Solitary unconnected gardens can't help, it would barely be possible to sustain us normally if we all were extremely and unambiguously (and with much more knowledge) aware of & actively dedicating our lives to diminish environmental impacts.

But also our overall lives would be better. Imagine forest cities with tall buildings (without critter loss, so maybe glass covered streets?), clean every, waste treatment & reuse, no "waste", etc.

[–] Remember_the_tooth@lemmy.world 1 points 20 hours ago (1 children)

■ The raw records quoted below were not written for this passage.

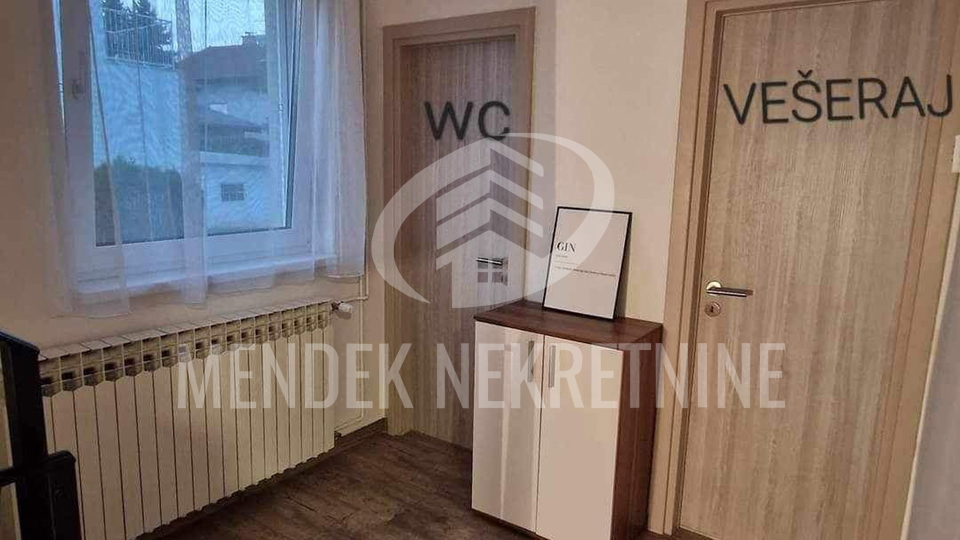 House&comma; 135 m2&comma; For Sale&comma; Vara&zcaron;din - Centar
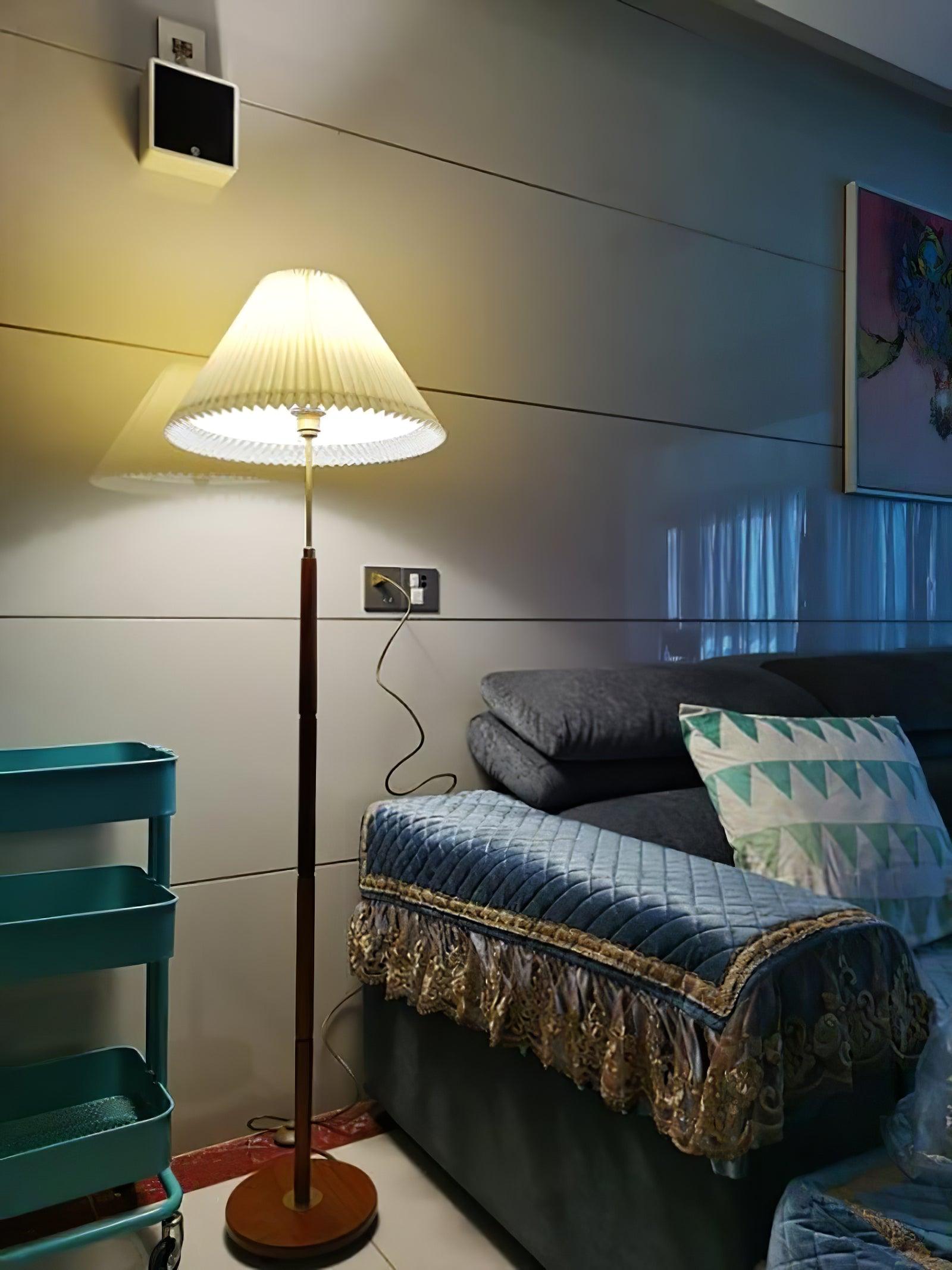 Pleated Floor Lamp - Blowlighting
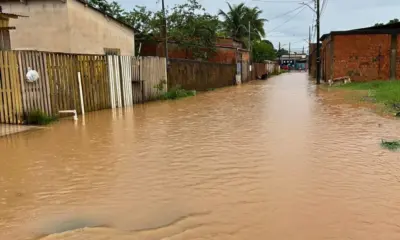 Defesa Civil contabiliza 17 bairros e 800 edificações atingidos pelas chuvas em Rio Branco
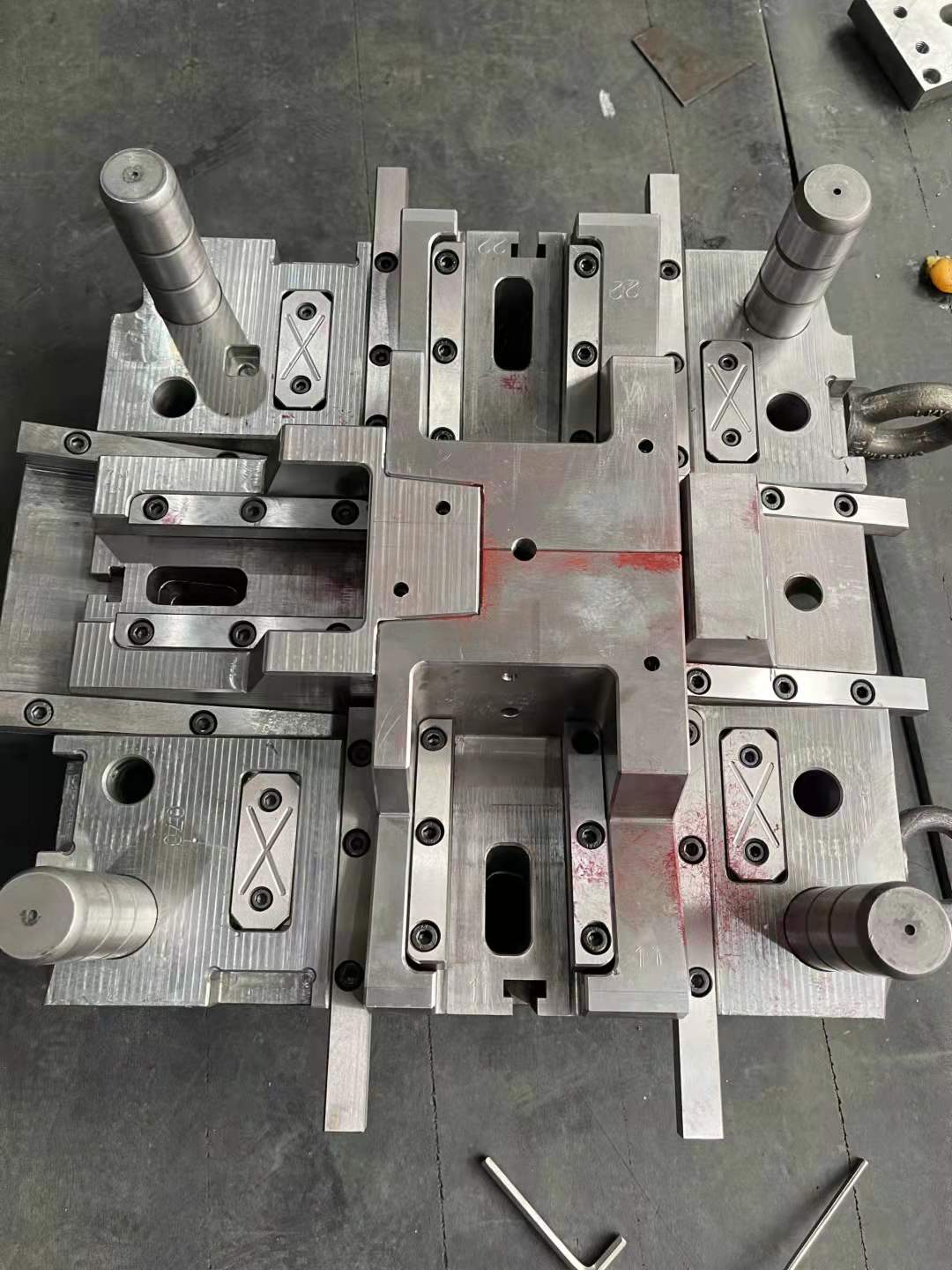 塑料注塑模具熱流道系統的缺點有哪些 塑料注塑模具熱流道系統的缺點有哪些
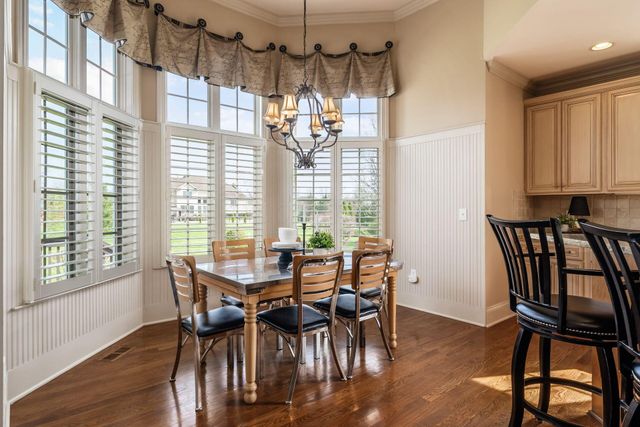 2444 Woodland Glen Drive, Powell, OH 43065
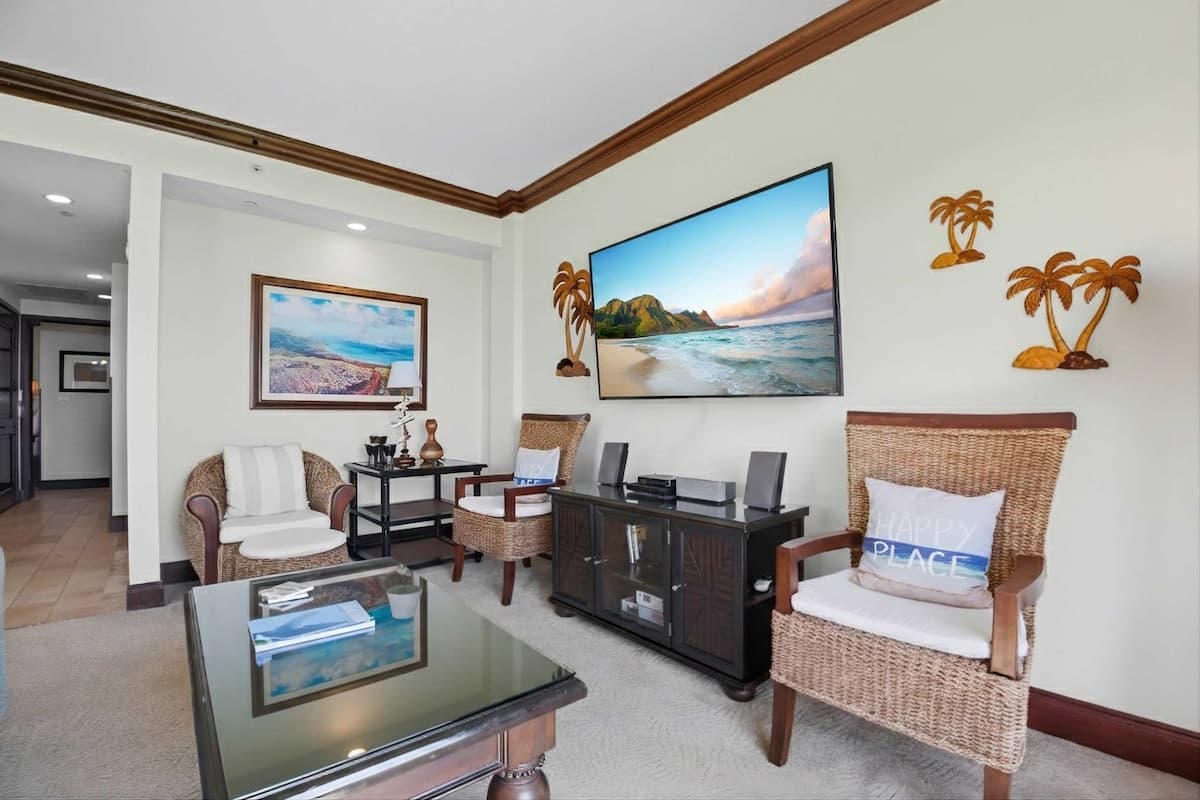 Condo in Kapaa · ★4.91 · 2 bedrooms · 3 beds · 3 baths - Photo 2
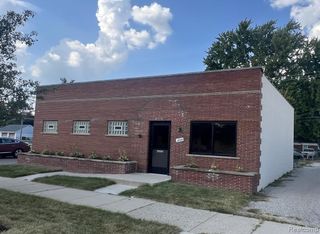 26106 5 Mile Road, Redford, MI 48239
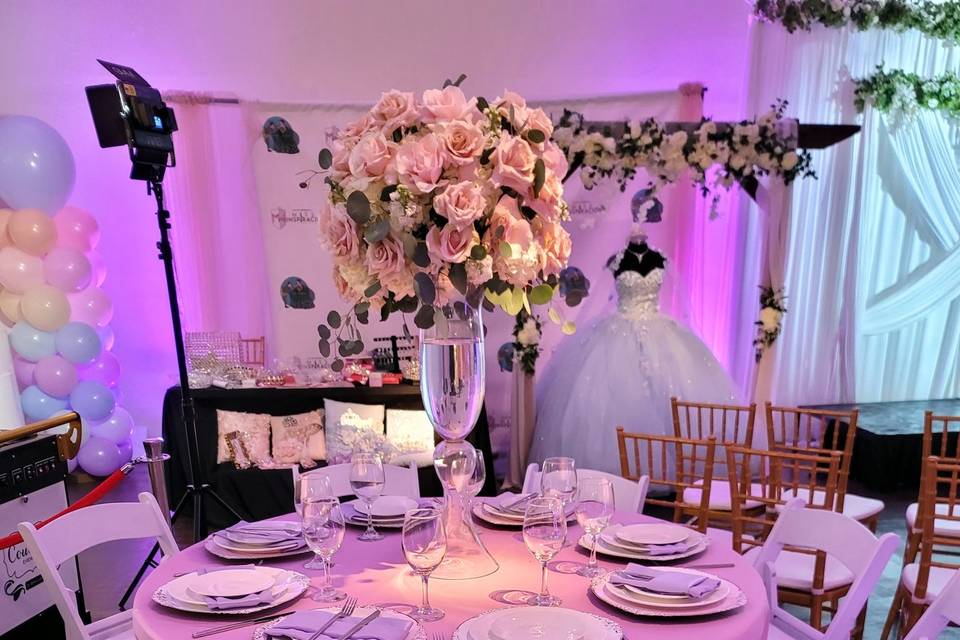 Pink and lavander table scape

If it helps, some models are showing it level off. If we advance climate science and use it to inform policy, we might be able to slowly contract our population while avoiding a "Children of Men" style collapse. I assume it would take a few thousand years to reach an equilibrium that allows us to maintain a habitable environment while still developing space-faring technology. The bonus is that the time it would take might change our practices into something a little more worthy of spreading to other planets if that ever becomes possible. I think with our current energy and pollution situation, we've guaranteed ourselves future hardships for many generations, but I don't think it's hopeless yet.

Regardless, other life has done similar stuff before. It resulted in mass extinction, but life moved on in some form. I hope the earth will be great with us in it, but if not, it will probably be fine without us, too.

https://en.m.wikipedia.org/wiki/Great_Oxidation_Event

[–] Evil_Shrubbery@lemmy.zip 1 points 4 hours ago* (last edited 4 hours ago)

Yeah, 400 million years. We are doing it in centuries.

We are already into the mass extinction event caused by humans, the hardship for biodiversity is measured in millions of years in event we give nature back the space immediately (ie we disappear).

And three are no plans anywhere about that.

The hardship for humans seems irrelevant in comparison, if we have a war & kill 4 billon people that is still a 50 year setback (1975).

Also even if human population is starting to level (geopolitical predictionds still point to 12bn, it's more about the economy & living status than food supply), we will each year consume more of everything, space/surface included.

I don't even see us reaching our max destructiveness on earth's species in the next 100+ years.

Times will get a little tougher for next human gens & with our entitlement we will just destroy more nature.

Nothing in our past or present points to anything other than that.